Introduction

The Internet is awash with blogs about design principles, techniques, styles, and interactions. But not so much about UX leadership. I don't think it's appreciated, and maybe a bit harder to define. Tech, generally speaking, frowns on managers, seeing them as can't doers who bring more talk than talent. There is some truth in every saying, but I think dismissing the role fulfills the prophesy — you won't get quality leadership if you don't see its value.

UX leaders need time to grow, and the skill set can be very different from what's required for individual contributors.

The valley doesn't always see that, often cannibalizing great design talent to fill manager roles. This can lead to a creative vacuum and uncertain leadership. Sometimes it's the right move, sometimes not, but without appropriate attention to the art of design management, the same issues will crop up over and over. The purpose of this site is to share my philosophies, and see what they spark. You can't expect much more than that.
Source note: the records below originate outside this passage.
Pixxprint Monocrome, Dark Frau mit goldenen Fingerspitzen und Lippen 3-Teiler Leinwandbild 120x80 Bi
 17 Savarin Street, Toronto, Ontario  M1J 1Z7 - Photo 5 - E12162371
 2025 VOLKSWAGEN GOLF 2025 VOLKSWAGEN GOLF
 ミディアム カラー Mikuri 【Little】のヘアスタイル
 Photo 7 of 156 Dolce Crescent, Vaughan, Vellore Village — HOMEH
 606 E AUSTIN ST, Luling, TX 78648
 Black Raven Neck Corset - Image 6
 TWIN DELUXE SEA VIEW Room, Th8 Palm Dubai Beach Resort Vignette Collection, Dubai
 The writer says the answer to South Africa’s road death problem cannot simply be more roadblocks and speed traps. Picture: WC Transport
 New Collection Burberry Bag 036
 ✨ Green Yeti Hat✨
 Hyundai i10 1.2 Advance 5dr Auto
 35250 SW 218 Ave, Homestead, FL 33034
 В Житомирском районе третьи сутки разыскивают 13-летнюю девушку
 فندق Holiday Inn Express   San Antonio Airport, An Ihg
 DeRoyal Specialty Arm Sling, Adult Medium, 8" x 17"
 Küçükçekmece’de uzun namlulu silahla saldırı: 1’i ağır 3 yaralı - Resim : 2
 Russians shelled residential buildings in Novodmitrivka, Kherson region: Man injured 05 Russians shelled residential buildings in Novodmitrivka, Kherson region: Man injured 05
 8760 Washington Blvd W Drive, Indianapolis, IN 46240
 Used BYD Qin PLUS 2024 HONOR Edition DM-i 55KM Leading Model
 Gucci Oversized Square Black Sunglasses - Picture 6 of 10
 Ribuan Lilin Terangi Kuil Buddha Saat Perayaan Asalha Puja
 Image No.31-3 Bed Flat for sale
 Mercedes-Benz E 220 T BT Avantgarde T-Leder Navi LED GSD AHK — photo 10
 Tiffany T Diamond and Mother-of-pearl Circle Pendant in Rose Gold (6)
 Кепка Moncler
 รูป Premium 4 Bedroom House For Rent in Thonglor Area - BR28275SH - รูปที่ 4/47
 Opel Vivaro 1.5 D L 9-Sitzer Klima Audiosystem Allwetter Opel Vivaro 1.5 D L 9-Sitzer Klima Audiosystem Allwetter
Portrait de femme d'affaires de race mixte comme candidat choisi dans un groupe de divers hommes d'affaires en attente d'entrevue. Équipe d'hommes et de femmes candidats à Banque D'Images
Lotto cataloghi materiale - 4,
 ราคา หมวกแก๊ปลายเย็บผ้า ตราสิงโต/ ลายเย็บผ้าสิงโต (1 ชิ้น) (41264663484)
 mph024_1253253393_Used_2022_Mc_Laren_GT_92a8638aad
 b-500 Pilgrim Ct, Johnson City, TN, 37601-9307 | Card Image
The content will evolve and change over time, just like me. I don't pretend to have all the answers, just some reasonably well-formed ideas. I hope you agree.


BE THE TRUTH


Transparency is a buzzword.

I'm fully aware the caption might seem hokey, but it's the most direct and appropriate way to word this.

Many times I've listened to leaders lie to their employees, saying one thing while something quite different is being done behind the scenes. Be wary if you hear your boss talk about "transparency," because it's often an illusion, much like open floor plans and full glass conference rooms. Being the truth means you don't BS your team about layoffs or politics, and your actions are never contrary to your words. To build real trust, you have to ditch standard corporate practice, like overhyping scut work or minimizing big problems.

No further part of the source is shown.